Top of Data provided
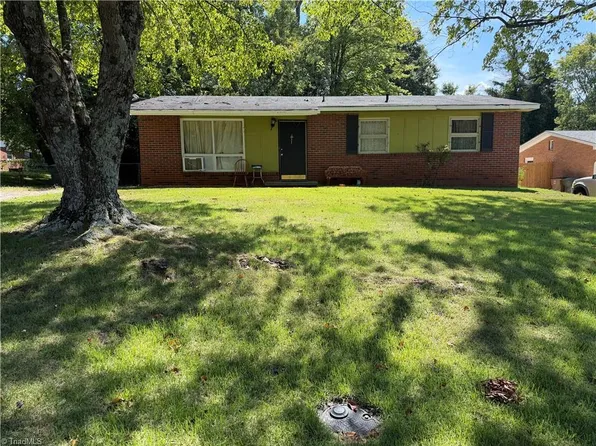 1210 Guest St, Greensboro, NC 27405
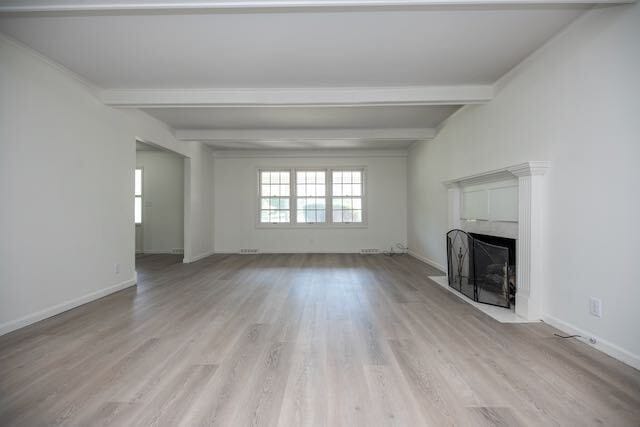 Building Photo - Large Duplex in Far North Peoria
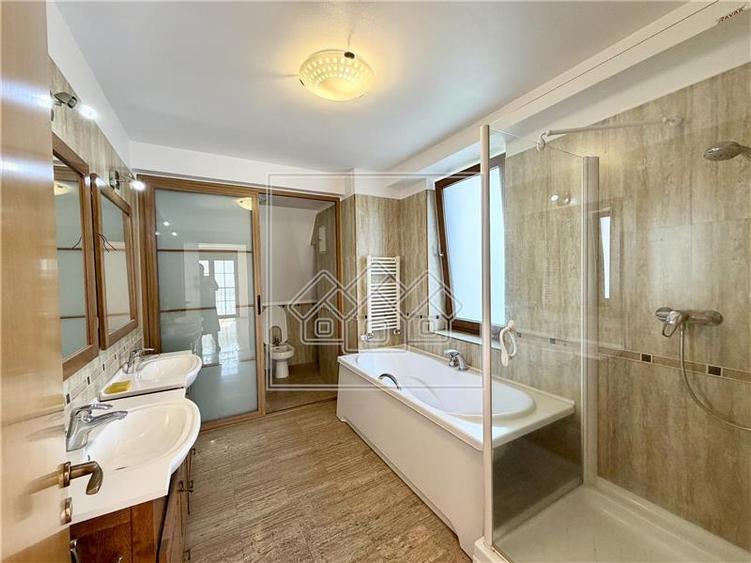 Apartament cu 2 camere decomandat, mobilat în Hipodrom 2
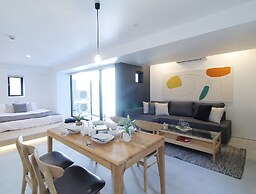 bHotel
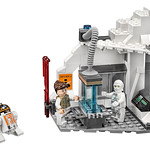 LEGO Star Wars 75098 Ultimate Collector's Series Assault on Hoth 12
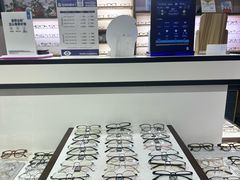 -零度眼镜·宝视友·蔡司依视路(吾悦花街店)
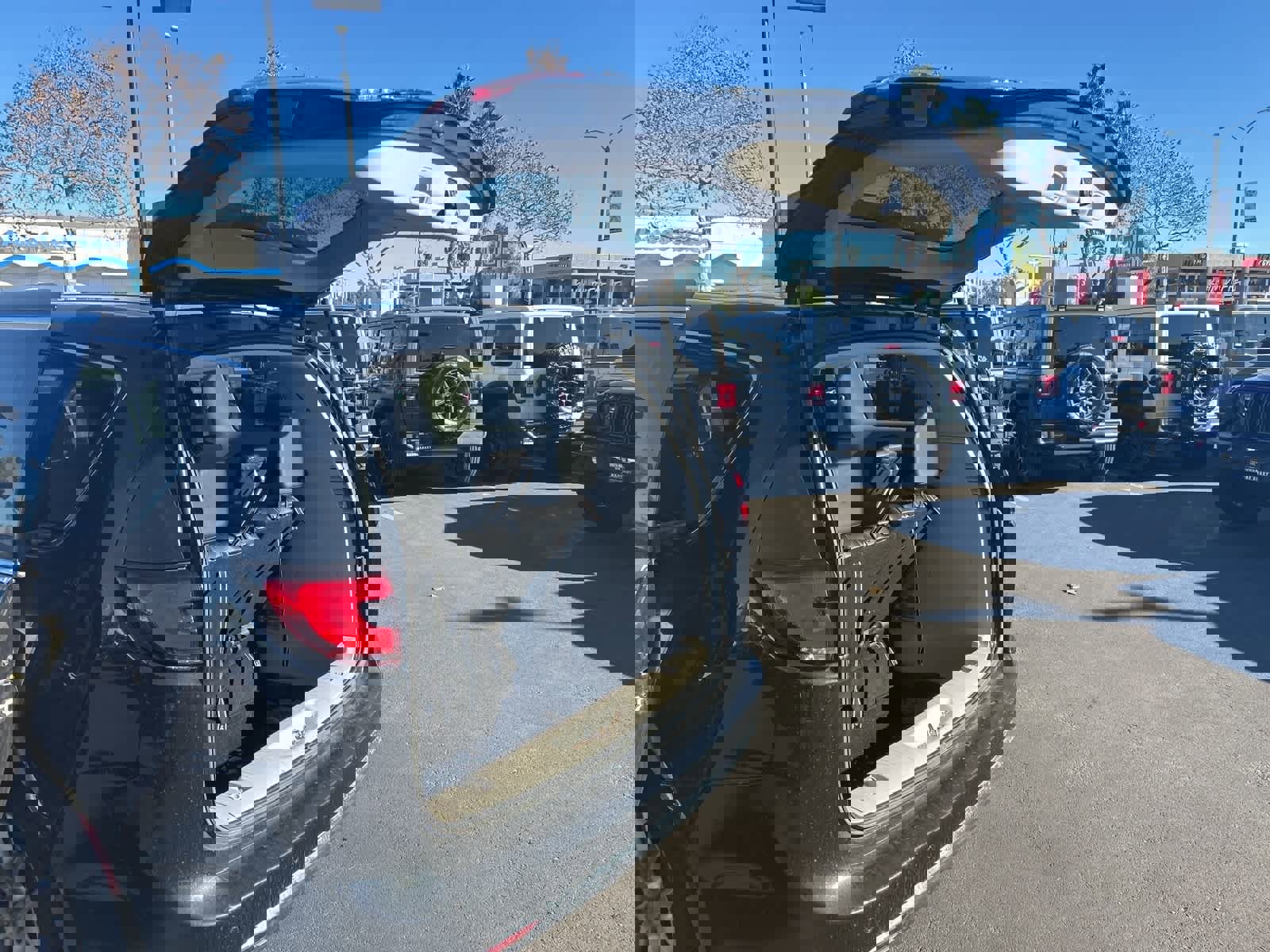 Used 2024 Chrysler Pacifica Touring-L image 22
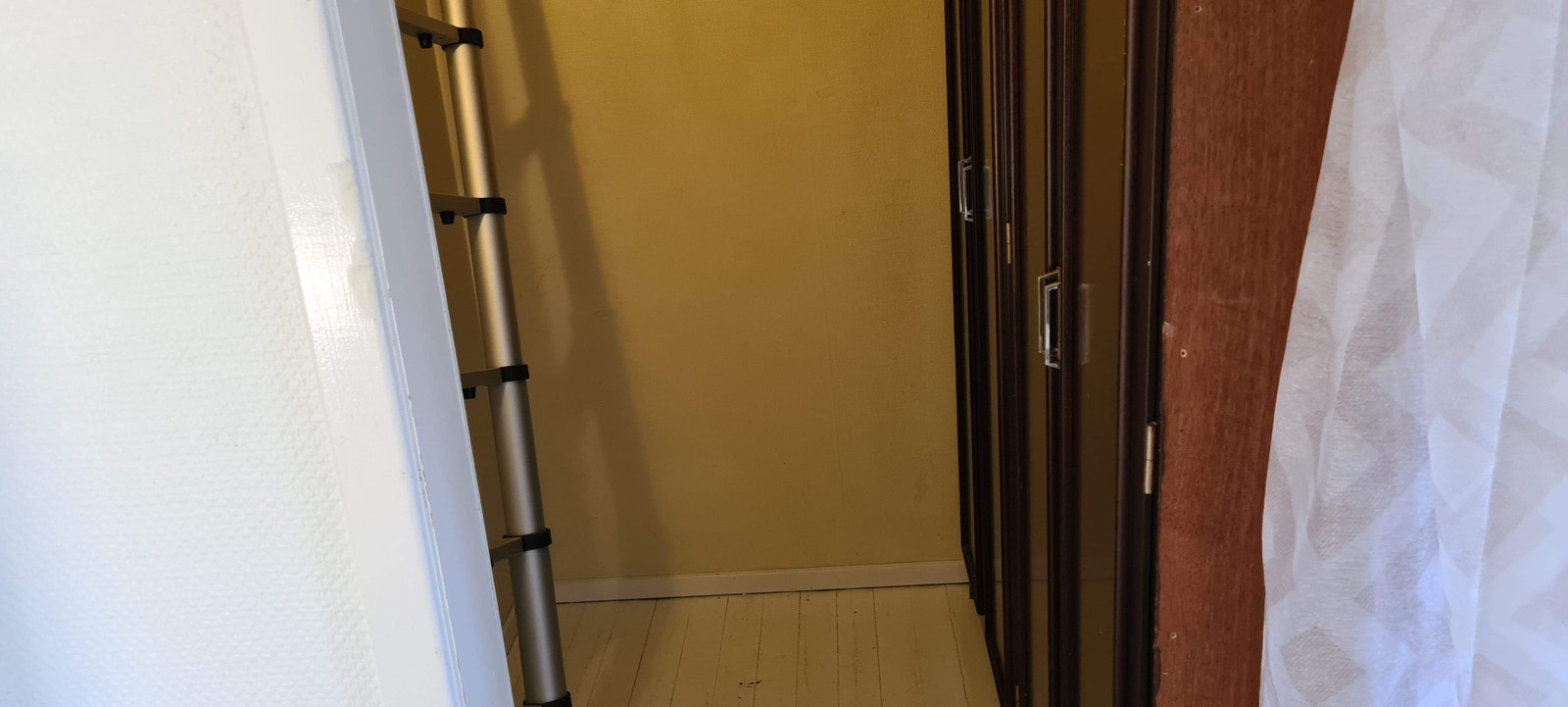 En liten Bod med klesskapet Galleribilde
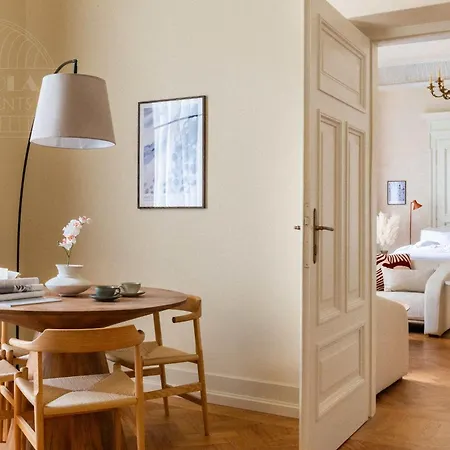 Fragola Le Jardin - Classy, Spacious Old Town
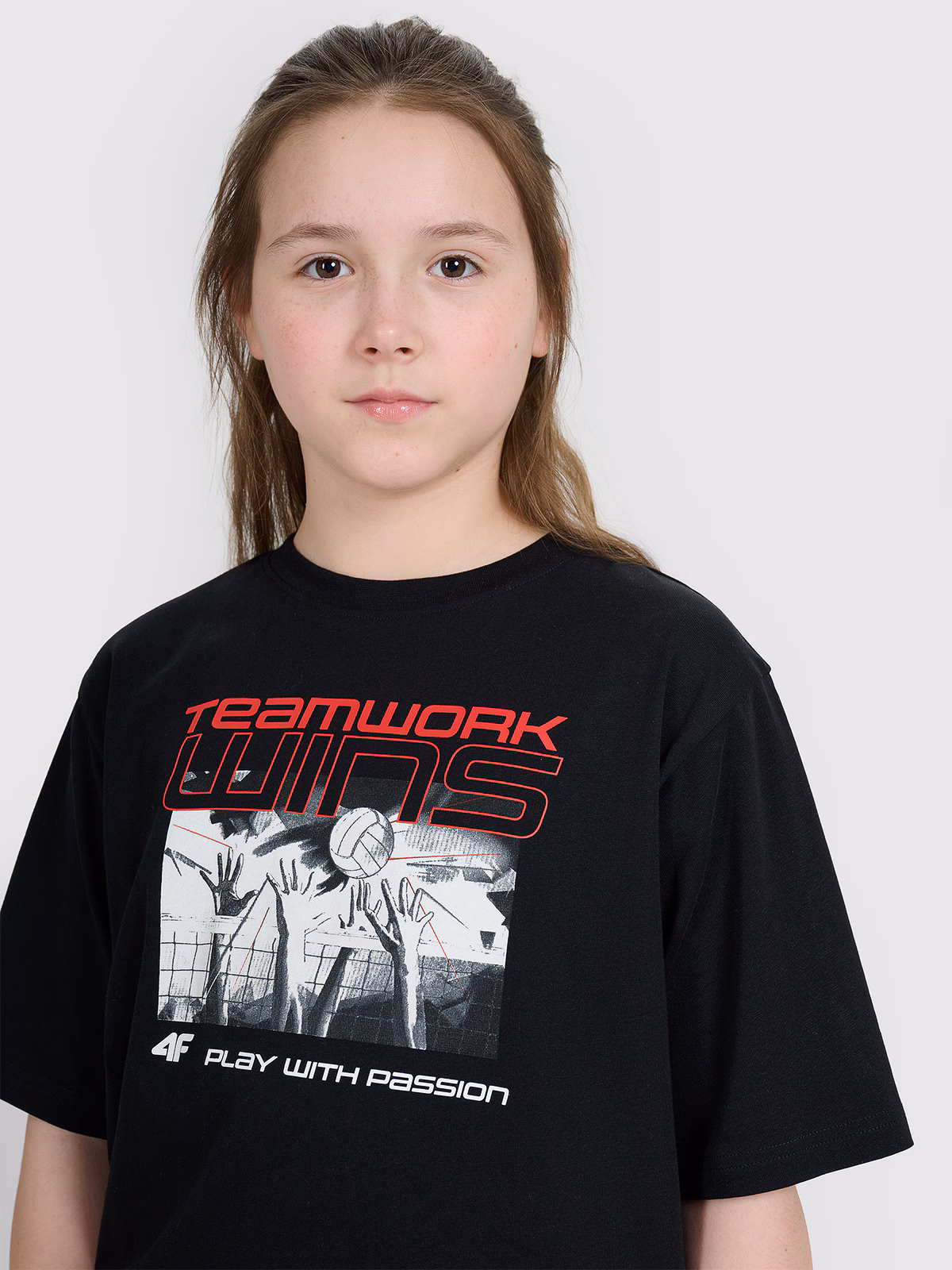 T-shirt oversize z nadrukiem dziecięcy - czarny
Bottom of Data provided
Word for word, retype the lines from the one with "Building Photo - Large" through the final line of the data, both included. No pictures belong in the copy.

_Answer space_
 Building Photo - Large Duplex in Far North Peoria
 Apartament cu 2 camere decomandat, mobilat în Hipodrom 2
 bHotel
 LEGO Star Wars 75098 Ultimate Collector's Series Assault on Hoth 12
 -零度眼镜·宝视友·蔡司依视路(吾悦花街店)
 Used 2024 Chrysler Pacifica Touring-L image 22
 En liten Bod med klesskapet Galleribilde
 Fragola Le Jardin - Classy, Spacious Old Town
 T-shirt oversize z nadrukiem dziecięcy - czarny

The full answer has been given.